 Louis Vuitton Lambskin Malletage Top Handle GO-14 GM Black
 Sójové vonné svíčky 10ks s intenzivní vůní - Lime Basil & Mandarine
==
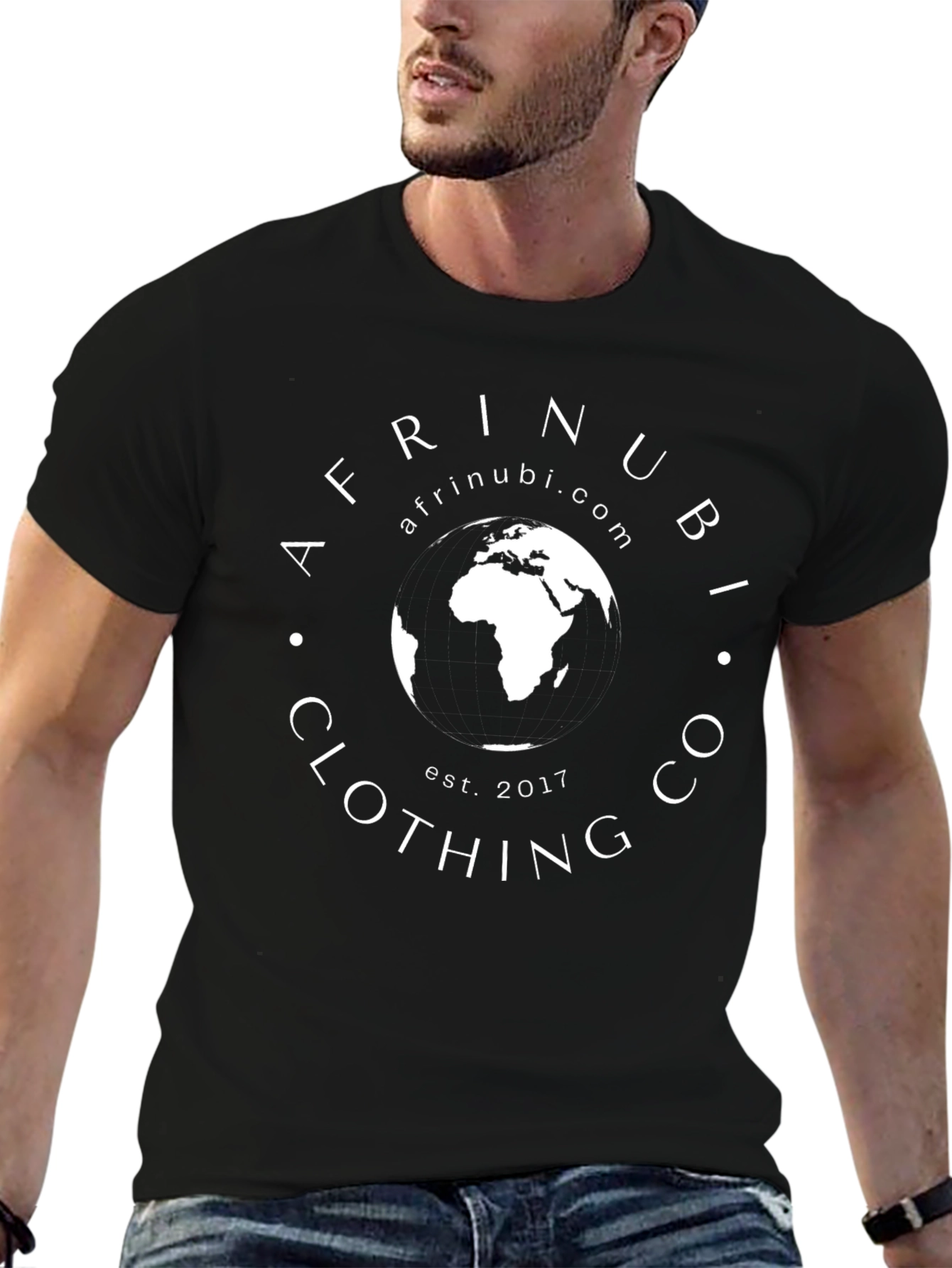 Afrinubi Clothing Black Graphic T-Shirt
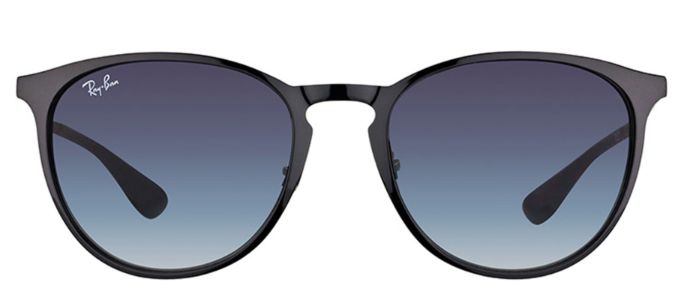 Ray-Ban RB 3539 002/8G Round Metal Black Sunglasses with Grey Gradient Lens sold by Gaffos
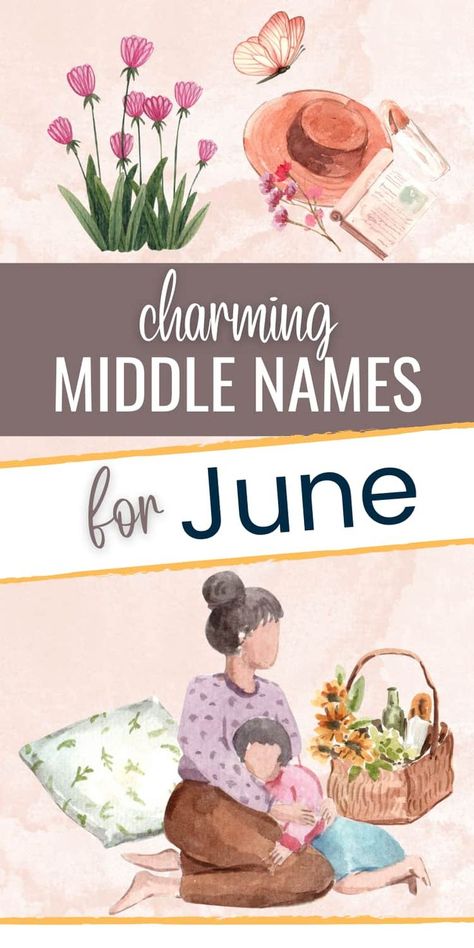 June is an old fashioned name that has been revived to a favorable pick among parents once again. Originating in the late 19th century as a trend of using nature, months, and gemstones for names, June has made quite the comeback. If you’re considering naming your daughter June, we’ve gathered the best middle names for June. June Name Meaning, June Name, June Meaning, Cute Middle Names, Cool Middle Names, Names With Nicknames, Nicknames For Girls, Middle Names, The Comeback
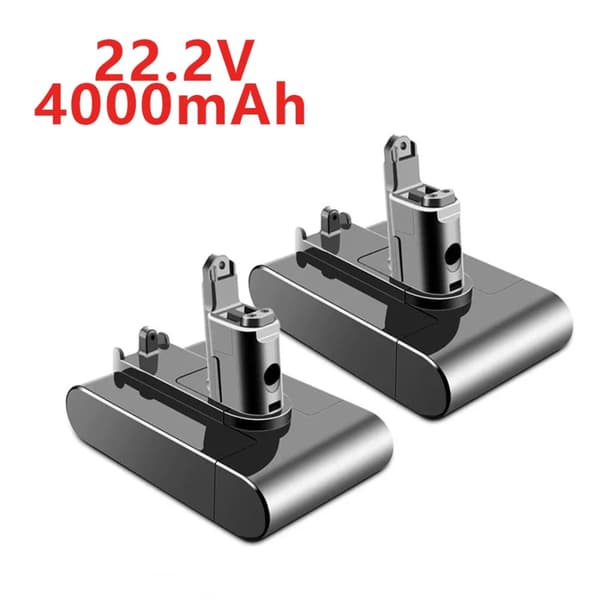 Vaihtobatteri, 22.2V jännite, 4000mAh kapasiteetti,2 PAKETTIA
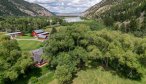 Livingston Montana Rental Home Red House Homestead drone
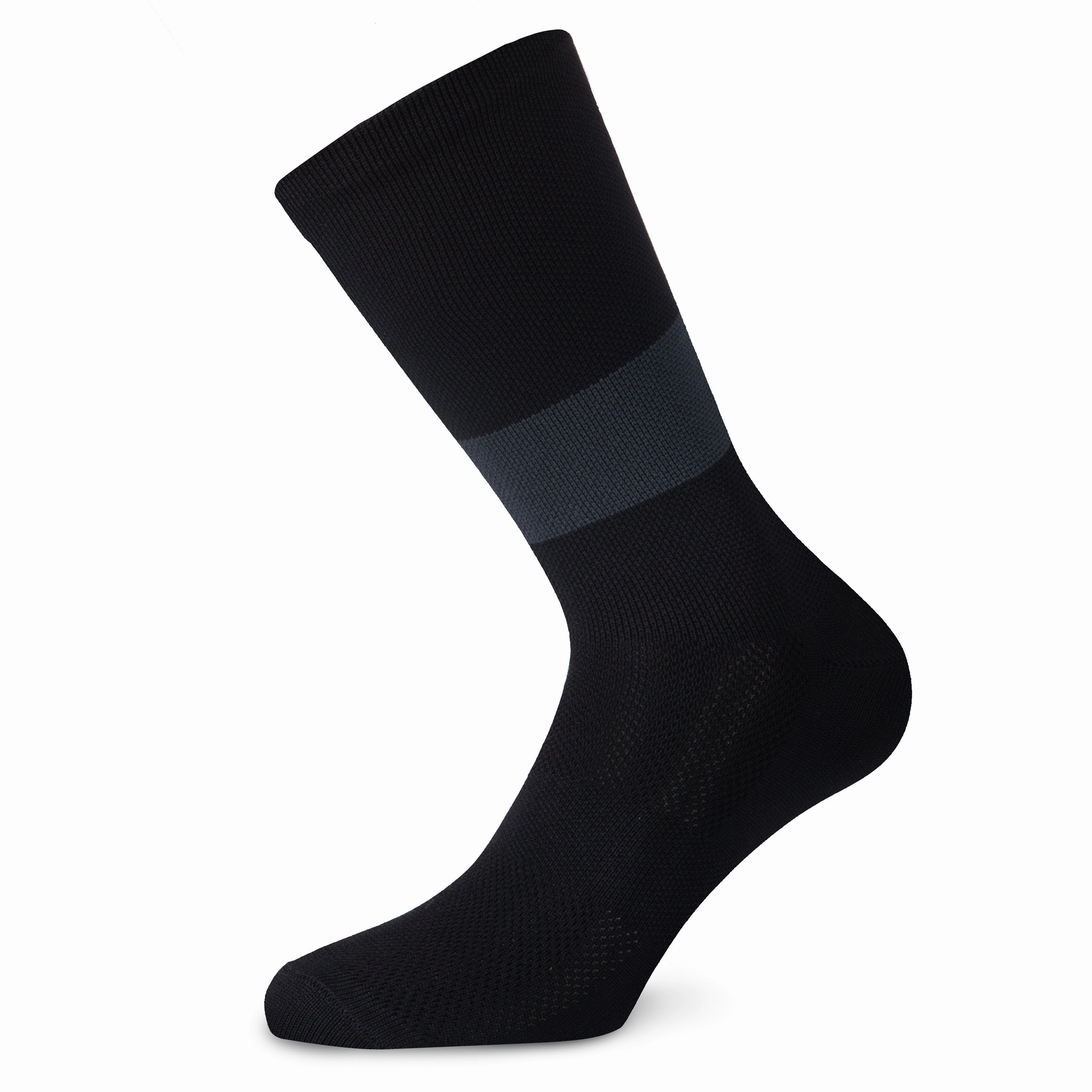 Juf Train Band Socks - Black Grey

**INSTRUCTIONS FOR THE TASK**. Output the lines of the records above exactly as they appear, from the line containing "Louis Vuitton Lambskin" through the line containing "Sójové vonné svíčky".

**YOUR SOLUTION**.
 Louis Vuitton Lambskin Malletage Top Handle GO-14 GM Black
 Sójové vonné svíčky 10ks s intenzivní vůní - Lime Basil & Mandarine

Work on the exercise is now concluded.